# THE INPUT:

--------------------

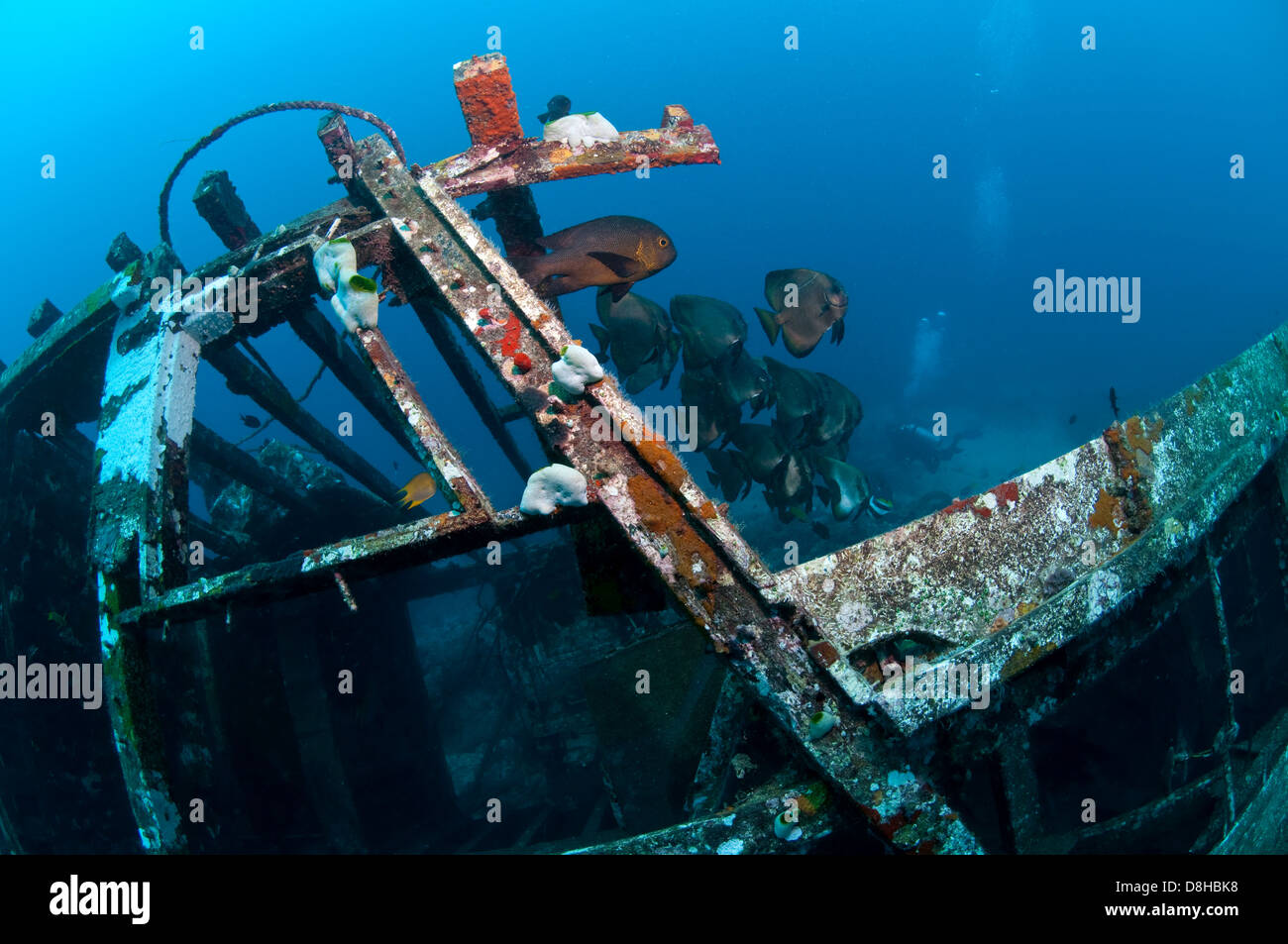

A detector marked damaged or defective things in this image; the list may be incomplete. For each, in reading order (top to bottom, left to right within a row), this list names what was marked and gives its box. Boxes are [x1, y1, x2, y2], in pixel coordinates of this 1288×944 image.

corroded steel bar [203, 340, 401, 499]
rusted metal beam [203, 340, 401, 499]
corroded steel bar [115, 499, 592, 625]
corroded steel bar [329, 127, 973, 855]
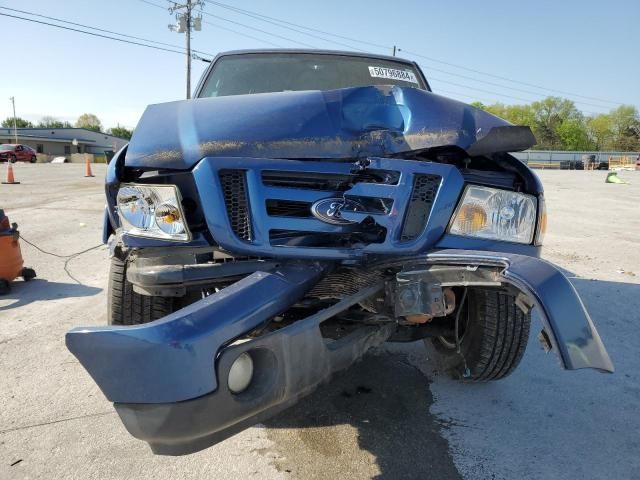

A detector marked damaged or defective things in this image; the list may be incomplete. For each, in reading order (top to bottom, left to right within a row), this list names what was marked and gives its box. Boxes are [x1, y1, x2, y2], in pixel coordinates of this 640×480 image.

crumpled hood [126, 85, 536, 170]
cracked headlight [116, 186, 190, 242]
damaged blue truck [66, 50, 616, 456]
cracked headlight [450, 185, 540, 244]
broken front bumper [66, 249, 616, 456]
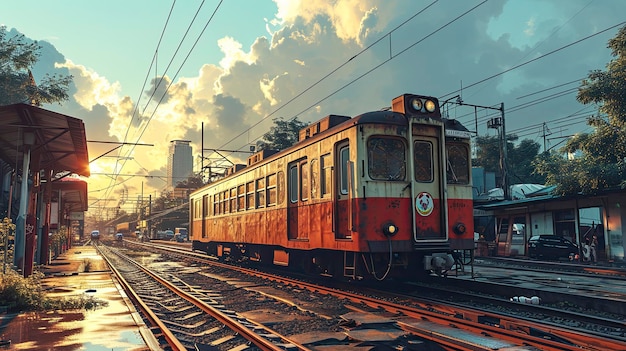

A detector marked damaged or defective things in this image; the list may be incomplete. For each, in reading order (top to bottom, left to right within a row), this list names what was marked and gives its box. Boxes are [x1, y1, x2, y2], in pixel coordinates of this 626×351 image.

--------------------

Transcribe each entry above exactly, apart from the pictures.

A detector marked damaged or defective things in this image; the list may be incomplete. For each, in reading order (top to bottom, left to right within a row), this list names what was marked and gives its box. Boxes are [x1, y1, x2, y2], in pixel coordinates of this 1288×944 image.

corroded steel bar [203, 340, 401, 499]
rusted metal beam [203, 340, 401, 499]
corroded steel bar [115, 499, 592, 625]
corroded steel bar [329, 127, 973, 855]

A detector marked damaged or defective things in this image; the list may be incomplete. For each, in reading order (top to bottom, left to right within a row), this list names what was marked and gives its box. Boxes are [x1, y1, x2, y2], in pixel coordinates of this 640×480 image.

crumpled hood [126, 85, 536, 170]
cracked headlight [116, 186, 190, 242]
damaged blue truck [66, 50, 616, 456]
cracked headlight [450, 185, 540, 244]
broken front bumper [66, 249, 616, 456]

A detector marked damaged or defective things in this image; the list may be incomplete. For each, in reading order (top to bottom, left to right within a row), this list names what was marked and gives its box. Boxes are [x1, y1, x2, y2], in pixel coordinates of this 626×351 image.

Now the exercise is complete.